Tau nggak, kenapa bahasa nggak pernah netral? Karena di balik bahasa ada identitas sosial di dalamnya. Champ kasih contoh bagaimana bahasa itu nggak netral. “Ayah bekerja, ibu menyapu.” Kalimat itu biasa kita dengarkan waktu kecil. Sebenarnya, kalimat itu nggak netral karena berkaitan dengan identitas gender, bahwa seolah-olah laki-laki normalnya bekerja. Dan ibu mengurus rumah.

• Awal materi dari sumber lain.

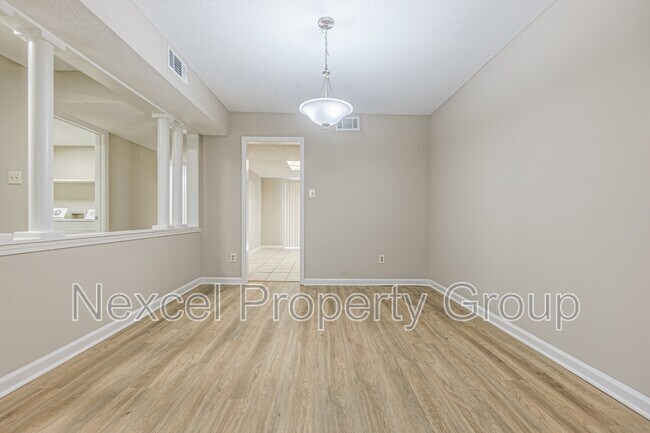 Building Photo - 6730 Racquet Club Dr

Nah, di Indonesia, Champ masih sering menemukan seseorang yang masih bilang wanita daripada perempuan. Atau mengatakan cacat daripada disabilitas. Padahal, “wanita” dan “perempuan” atau “cacat” dan “disabilitas” punya makna yang berbeda dari perspektif kesetaraan dan nilai humanis.

Changemakers tau nggak, mengapa kata-kata itu punya pemaknaan yang berbeda kalau ditinjau dari perspektif kesetaraan dan nilai humanis? Champ bakal jelasin di bawah, tapi Champ mau cerita dulu perasaan waktu lihat debat terakhir capres-cawapres.

Pas kemarin lihat debat capres-cawapres terakhir, Champ merasa sumringah. Soalnya, para paslon sudah mengucapkan kata yang tepat. Baik Anis, Prabowo, dan Ganjar sudah menggunakan kata perempuan dan disabilitas, bukan wanita dan cacat.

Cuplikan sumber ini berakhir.